C’est un morceau très pointu que je n’avais jamais réussi à maîtriser. J’étais déchiré entre l’admiration et la jalousie. L’avenir m’apparaissait sous les couleurs les plus sombres : deux pianistes dans la même maison, c’est très, très difficile. Si en plus, l’un d’eux est une araignée géante dopée aux boissons énergisantes, c’est très, très déprimant.
Commença une période noire. Nous nous partagions l’instrument. Je travaillais tous les matins. Manini tous les après-midis. Il avait fallu lui confectionner un siège pour qu’elle puisse utiliser ses huit pattes en toute liberté et parfois ses deux chélicères dans les morceaux les plus ardus. J’avais récupéré dans une casse, un siège de pilote de rallye et je lui apprenais à s’y sangler étroitement.
Mais il me fallait me rendre à l’évidence : Manini progressait rapidement, beaucoup plus rapidement que moi. C’était déjà une virtuose alors que je n’étais qu’un bon pianiste. Ses journées passées juchée sur mon épaule lui avaient permis d’acquérir une excellente maîtrise de la lecture musicale. Son sens du rythme était incomparable.
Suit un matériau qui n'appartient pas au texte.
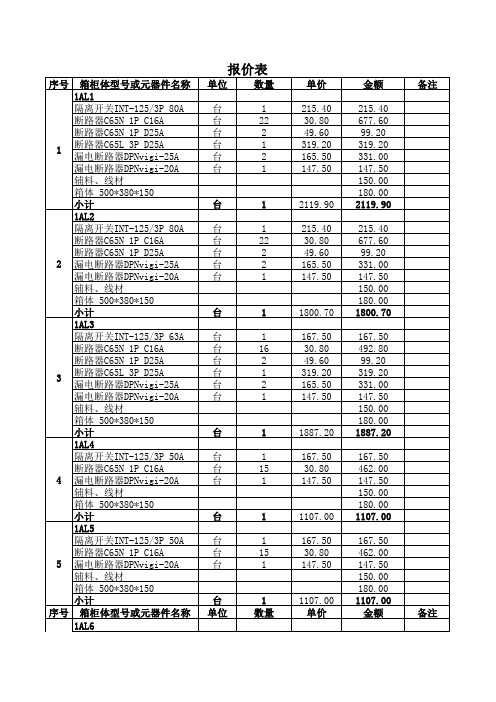 配电箱报价表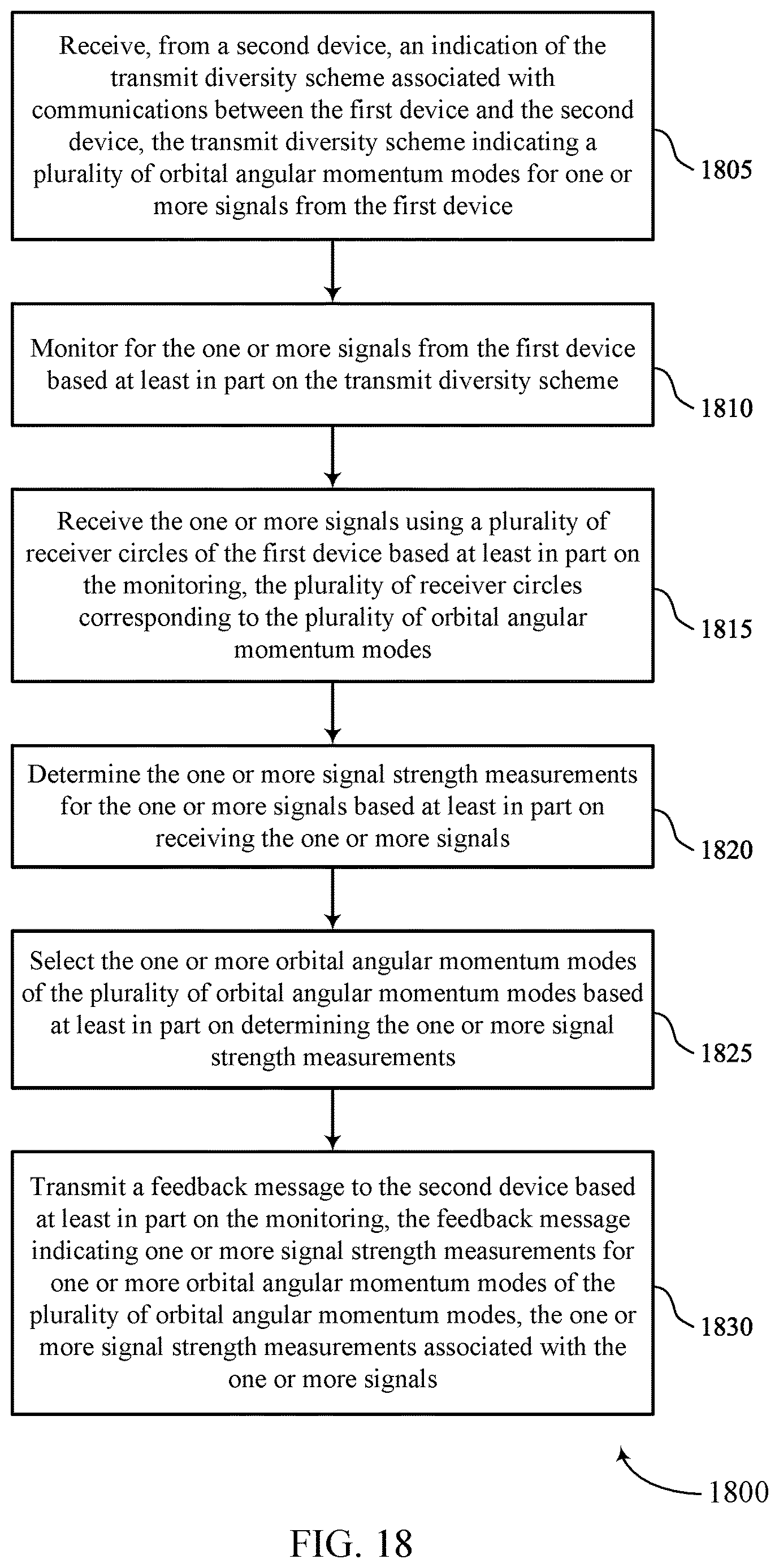 Patent US12621049 Figure 18 – Transmit diversity across orbital angular momentum modes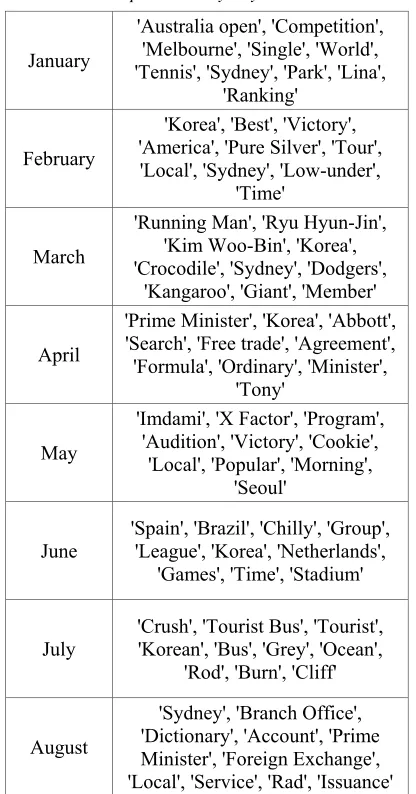 Table 4: Top 10 Monthly Keywords in 2014. 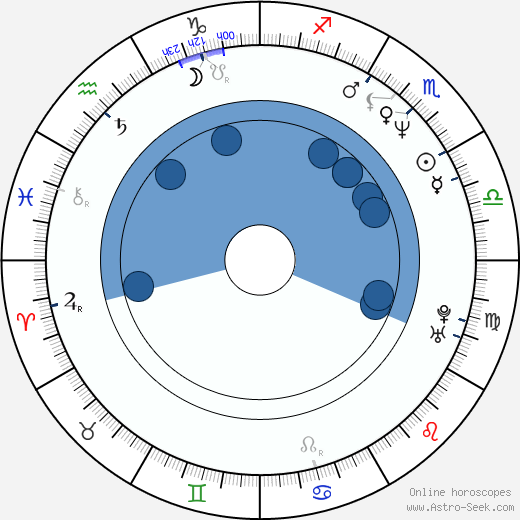 Søren Fauli wikipedia, horoscope, astrology, instagram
Ses pattes musclées et sensibles lui permettaient toutes les nuances. Son rubato était incomparable.
J’eus beau m’échiner, travailler comme une bête : rien n’y faisait. Elle avait plusieurs longueurs d’avance sur moi et l’écart ne faisait que croître.
Je changeais de répertoire, me lançait dans le jazz. Peine perdue. Elle me suivit sur ce terrain et ses interprétations étaient plus émouvantes que celles de Miles Davis.
Un orgue fit même son apparition à la maison. Peine perdue également : avec ses huit pattes et ses deux chélicères, elle maîtrisait mieux l’instrument que moi avec mes dix doigts et mes deux pieds. La mort dans l’âme je mettais fin à ma carrière.